| Action item |
Copy the line with "new 2026 Volvo XC40 car, priced at $50,150" and all lines following it through the last line of the entries, exactly as written.

| Information given |
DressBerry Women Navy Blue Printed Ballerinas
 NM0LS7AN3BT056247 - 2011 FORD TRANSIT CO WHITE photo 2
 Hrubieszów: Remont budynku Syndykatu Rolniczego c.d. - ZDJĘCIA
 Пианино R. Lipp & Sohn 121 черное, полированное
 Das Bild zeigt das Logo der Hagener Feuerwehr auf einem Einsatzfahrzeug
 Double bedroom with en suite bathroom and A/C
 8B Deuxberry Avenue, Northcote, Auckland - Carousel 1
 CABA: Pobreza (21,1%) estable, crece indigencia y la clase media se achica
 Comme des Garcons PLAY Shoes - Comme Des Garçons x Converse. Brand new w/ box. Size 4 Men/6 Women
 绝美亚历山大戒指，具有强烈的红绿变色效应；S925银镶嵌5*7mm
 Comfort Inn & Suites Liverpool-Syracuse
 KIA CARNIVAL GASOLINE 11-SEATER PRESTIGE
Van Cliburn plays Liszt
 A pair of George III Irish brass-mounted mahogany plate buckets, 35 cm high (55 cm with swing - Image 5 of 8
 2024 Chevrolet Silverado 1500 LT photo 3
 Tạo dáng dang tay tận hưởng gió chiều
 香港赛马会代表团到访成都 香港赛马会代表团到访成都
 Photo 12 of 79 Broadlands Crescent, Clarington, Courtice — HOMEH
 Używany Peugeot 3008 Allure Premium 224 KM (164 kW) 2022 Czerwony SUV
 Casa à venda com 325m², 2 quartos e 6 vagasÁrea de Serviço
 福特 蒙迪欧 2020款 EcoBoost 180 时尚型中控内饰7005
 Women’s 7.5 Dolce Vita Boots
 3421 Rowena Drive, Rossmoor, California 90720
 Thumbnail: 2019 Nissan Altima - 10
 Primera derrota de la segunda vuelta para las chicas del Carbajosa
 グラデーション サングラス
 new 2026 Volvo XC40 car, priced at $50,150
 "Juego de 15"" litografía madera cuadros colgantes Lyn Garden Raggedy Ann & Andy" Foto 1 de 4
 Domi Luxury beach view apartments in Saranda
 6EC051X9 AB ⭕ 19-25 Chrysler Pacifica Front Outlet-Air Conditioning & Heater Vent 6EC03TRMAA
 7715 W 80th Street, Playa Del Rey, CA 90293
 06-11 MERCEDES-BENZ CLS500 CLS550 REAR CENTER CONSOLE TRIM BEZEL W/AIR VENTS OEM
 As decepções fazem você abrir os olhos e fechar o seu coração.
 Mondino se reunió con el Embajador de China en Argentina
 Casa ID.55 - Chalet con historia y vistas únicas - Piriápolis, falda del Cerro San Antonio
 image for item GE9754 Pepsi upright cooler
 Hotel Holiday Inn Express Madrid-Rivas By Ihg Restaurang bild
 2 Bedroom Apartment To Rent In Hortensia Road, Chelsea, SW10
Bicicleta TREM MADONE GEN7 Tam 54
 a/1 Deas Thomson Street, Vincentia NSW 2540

| Response to the exercise |
 new 2026 Volvo XC40 car, priced at $50,150
 "Juego de 15"" litografía madera cuadros colgantes Lyn Garden Raggedy Ann & Andy" Foto 1 de 4
 Domi Luxury beach view apartments in Saranda
 6EC051X9 AB ⭕ 19-25 Chrysler Pacifica Front Outlet-Air Conditioning & Heater Vent 6EC03TRMAA
 7715 W 80th Street, Playa Del Rey, CA 90293
 06-11 MERCEDES-BENZ CLS500 CLS550 REAR CENTER CONSOLE TRIM BEZEL W/AIR VENTS OEM
 As decepções fazem você abrir os olhos e fechar o seu coração.
 Mondino se reunió con el Embajador de China en Argentina
 Casa ID.55 - Chalet con historia y vistas únicas - Piriápolis, falda del Cerro San Antonio
 image for item GE9754 Pepsi upright cooler
 Hotel Holiday Inn Express Madrid-Rivas By Ihg Restaurang bild
 2 Bedroom Apartment To Rent In Hortensia Road, Chelsea, SW10
Bicicleta TREM MADONE GEN7 Tam 54
 a/1 Deas Thomson Street, Vincentia NSW 2540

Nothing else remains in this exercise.